18. Business Segments
The Company operates in one business segment which designs, manufactures and sells flat panel displays, flight information computers and advanced monitoring systems to the DoD, the Department of Interior, other government agencies, commercial air transport carriers and corporate/general aviation markets. The Company currently derives virtually all of its revenues from the sale of this equipment and related EDC.
Geographic Data
Most of the Company’s sales, operating results and identifiable assets are generated in the United States. In fiscal years 2023, 2022 and 2021, net sales outside the United States amounted to $15.5 million, $11.1 million and $8.4 million, respectively.
Product Data
The Company’s current product line includes FPDS, flight management systems and air data systems and components. During fiscal years 2023, 2022 and 2021, the Company derived 99%, 98% and 88%, respectively, of its total product sales of FPDS. The remaining product sales for each of the fiscal years was from sales of air data systems and components.
19. Lease Recognition
The Company accounts for leases in accordance with ASU 2016-02 and records “right-of-use” assets and corresponding lease liabilities on the balance sheet for most leases with an initial term of greater than one year. We recognize payments for leases with a term of less than one year in the statements of operations on a straight-line basis over the lease term.
We lease real estate and equipment under various operating leases. A lease exists when a contract or part of a contract conveys the right to control the use of an identified asset for a period of time in exchange for consideration. In determining whether a lease exists, we consider whether a contract provides us with both: (a) the right to obtain substantially all of the economic benefits from the use of the identified asset and (b) the right to direct the use of the identified asset.
Some of our leases include base rental periods coupled with options to renew or terminate the lease, generally at our discretion. In evaluating the lease term, we consider whether we are reasonably certain to exercise such options. To the extent a significant economic incentive exists to exercise an option, that option is included within the lease term. However, based on the nature of our lease arrangements, options generally do not provide us with a significant economic incentive and are therefore excluded from the lease term for the majority of our arrangements.
Our leases typically include a combination of fixed and variable payments. Fixed payments are generally included when measuring the right-of-use asset and lease liability. Variable payments, which primarily represent payments based on usage of the underlying asset, are generally excluded from such measurement and expensed as incurred. In addition, certain of our lease arrangements may contain a lease coupled with an arrangement to provide other services, such as maintenance, or may require us to make other payments on behalf of the lessor related to the leased asset, such as payments for taxes or insurance. As permitted by ASU 2016-02, we have
67
elected to account for these non-lease components together with the associated lease component if included in the lease payments. This election has been made for each of our asset classes.

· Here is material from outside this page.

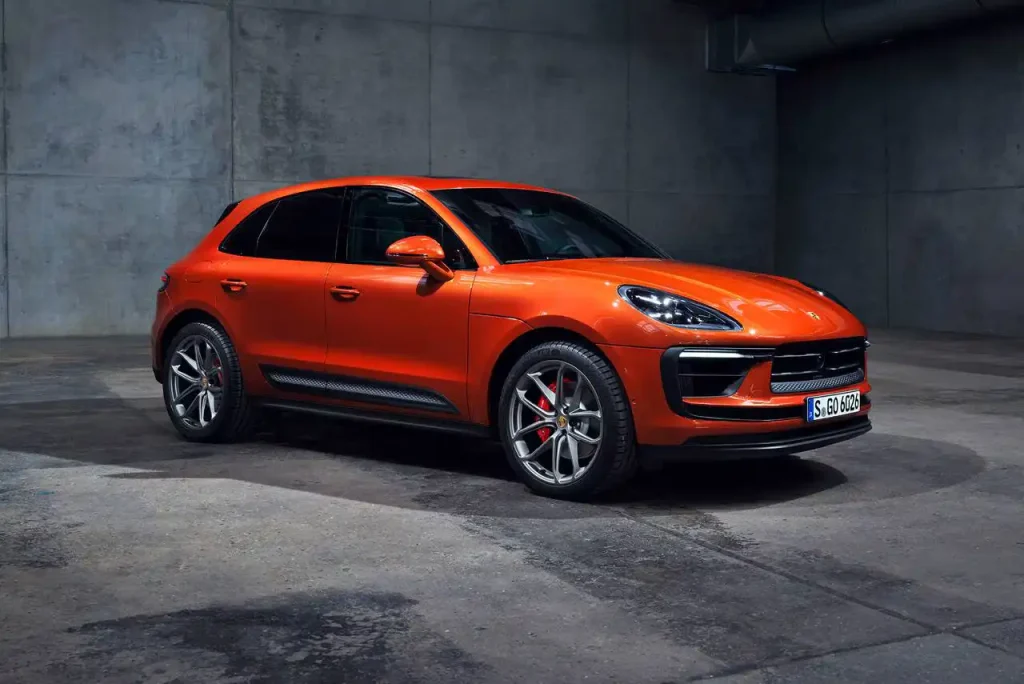 2025-Porsche-Macan-6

The measurement of “right-of-use” assets and lease liabilities requires us to estimate appropriate discount rates. To the extent the rate implicit in the lease is readily determinable, such rate is utilized. However, based on information available at lease commencement for our leases, the rate implicit in the lease is not known. In these instances, we utilize an incremental borrowing rate, which represents the rate of interest that we would pay to borrow on a collateralized basis over a similar term.

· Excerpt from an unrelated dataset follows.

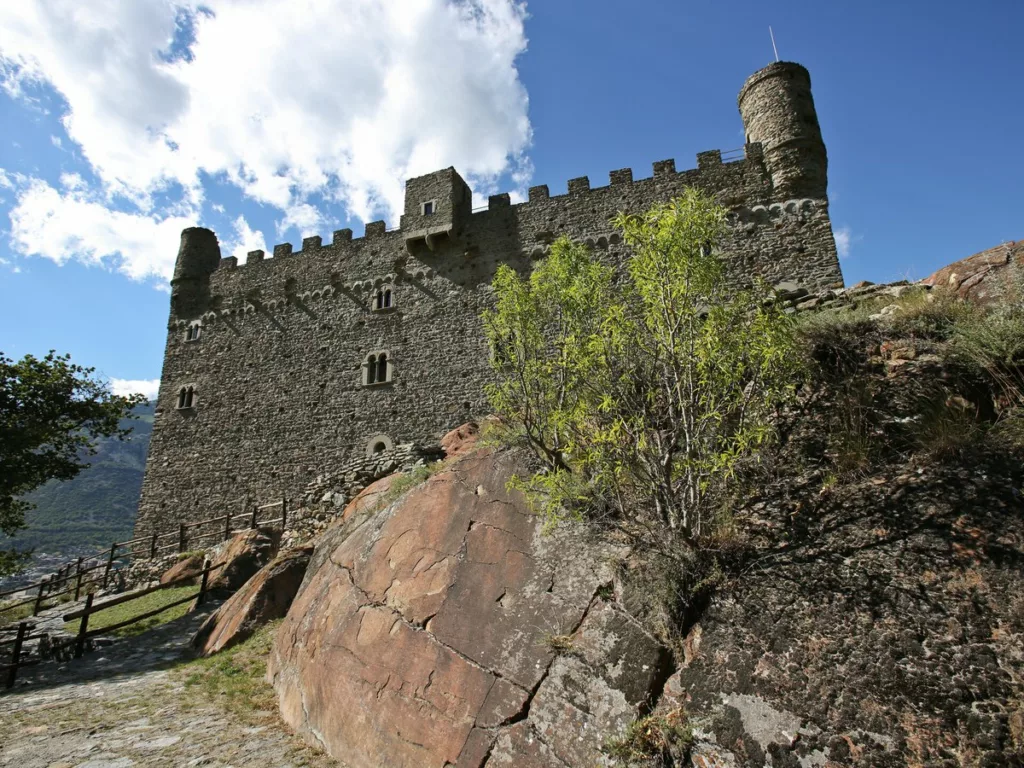 Segni di pietra, torri, castelli e residenze della Valle d'Aosta di Francesco Corni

Rent expense and cash paid for various operating leases in aggregate are approximately $73,000 for the period ended September 30, 2023. The weighted average remaining lease term is 1.2 years, and the weighted average discount rate is 5.0% as of September 30, 2023. Related assets and liabilities resulting from lease obligations are deemed to be immaterial.

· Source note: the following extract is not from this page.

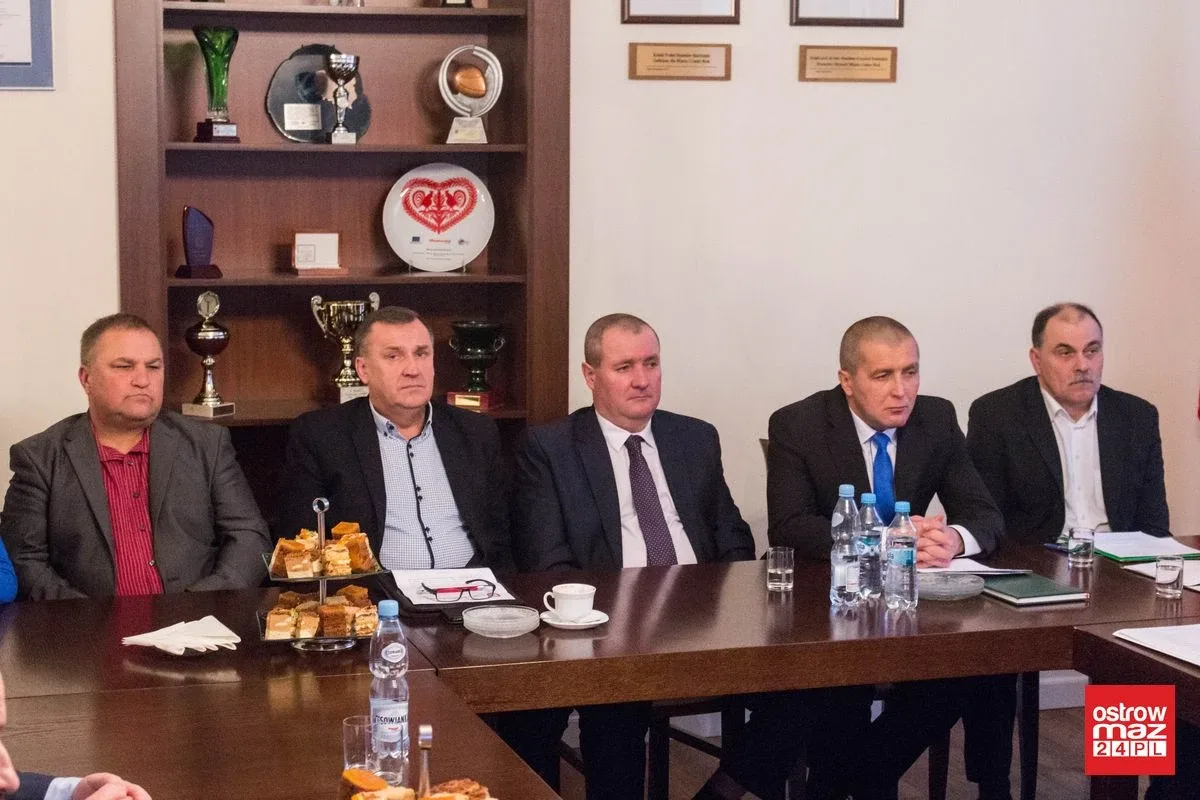Pierwsza sesja nowej kadencji w Broku. Burmistrz i radni ślubowali (zdjęcia)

Future minimum lease payments under operating leases are as follows at September 30, 2023:
| | | | | |
|
| Twelve Months |
| | |
| | Ending | | Operating | |
|
| September 30, |
| Leases | |
| | 2024 | | $ | 14,676 |
| | 2025 | | | 2,446 |
Total minimum lease payments |
|
| | $ | 17,122 |
Amount representing interest |
|
| |
| (2,057) |
Present value of minimum lease payments |
|
| |
| 15,065 |
Current portion |
|
| |
| (12,965) |
Long-term portion of lease obligations |
|
| | $ | 2,100 |
20. Loan Agreement
On June 28, 2023, the Company and one of its subsidiaries entered into an Amendment to Loan Documents (the “Loan Amendment”) with PNC Bank, National Association (the “PNC”), which amends certain terms of that certain Loan Agreement entered into by the parties on May 11, 2023 (the “Loan Agreement” and, as amended, the “Amended Loan Agreement”) and (ii) a corresponding Term Note in favor of PNC (the “Term Note”), which together provide for a senior secured term loan in an aggregate principal amount of $20.0 million, with a maturity date of June 28, 2028. Availability of funds under the Term Loan was conditioned upon the closing of the transactions contemplated by the Amended Loan Agreement and was used to fund a portion of the Transaction. Under the agreement, the Company has the right to prepay any amounts outstanding at any time and from time to time, whole or in part; subject to payment of any break funding indemnification amounts.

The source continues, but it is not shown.